Sep 9, 2021 - World

Mexico's Roe v. Wade

Pro-choice protesters in Mexcio

Pro-choice protests in Guadalajara, Mexico, with signs saying, “Maternity will be wanted or it won’t be” and “Take your rosaries off my ovaries,” September 2020. Photo: Ulises Ruiz/AFP via Getty

Mexico’s Supreme Court ruled unanimously this week that abortion cannot be considered a crime, in a decision called “historic” for the heavily Catholic country and reached while its northern neighbor, Texas, is severely restricting those procedures.

Why it matters: At least 850 women have been criminally charged and over 200 of them imprisoned across Mexico in the past two decades because of state laws that impose fines or jail time for abortions and even for miscarriages, according to NGOs.

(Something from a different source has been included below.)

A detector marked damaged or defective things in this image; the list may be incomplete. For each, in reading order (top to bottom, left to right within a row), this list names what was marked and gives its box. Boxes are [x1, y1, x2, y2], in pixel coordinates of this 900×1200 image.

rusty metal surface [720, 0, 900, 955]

  • Between 750,000 and 1 million women in Mexico each year terminate their pregnancies; most in clandestine and unsafe conditions since abortion is illegal in most states.
  • Mexico City has had legal abortion since 2007, and support has been slowly growing in the rest of the country: in 2019, Oaxaca decriminalized it, followed by two more states, Hidalgo and Veracruz, just this summer.

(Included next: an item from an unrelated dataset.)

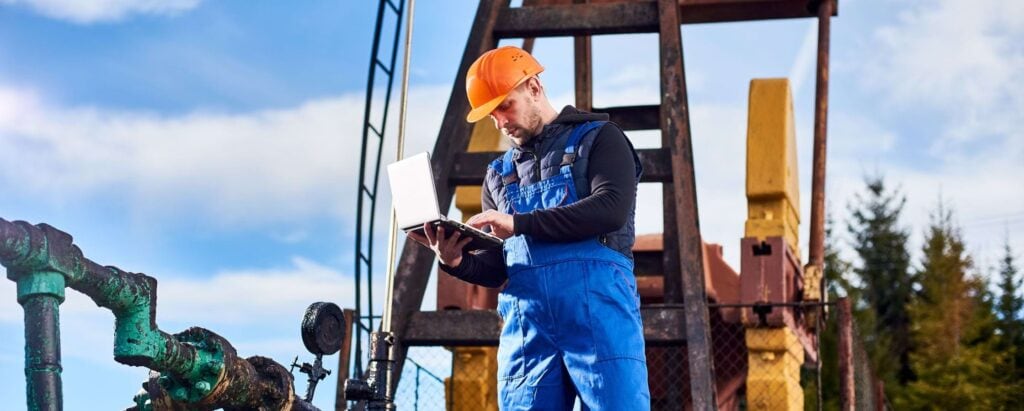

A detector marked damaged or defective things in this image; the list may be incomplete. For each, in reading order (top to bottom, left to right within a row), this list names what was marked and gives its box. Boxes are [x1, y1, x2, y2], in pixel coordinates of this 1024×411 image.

How it works: The Supreme Court decision stemmed from a case in Coahuila and only applies to that state’s criminal code.

  • But the precedent means other states that still criminalize procedures to end a pregnancy will have to reform local laws or risk lower courts striking down similar statutes.
  • “Starting now no one will be able to criminally charge a woman who aborts without, in so doing, violating the court’s authority and the Constitution,” said chief justice Arturo Zaldívar.

Between the lines: Since 2019, Mexico’s upper court has taken a slew of progressive decisions. They include:

  • Stating that prohibiting recreational use of marijuana is unconstitutional, effectively allowing Mexicans to cultivate cannabis for personal use without sanction.
  • Ensuring that people who go through gender transition can get new birth certificates to reflect their identity regardless of differing state laws.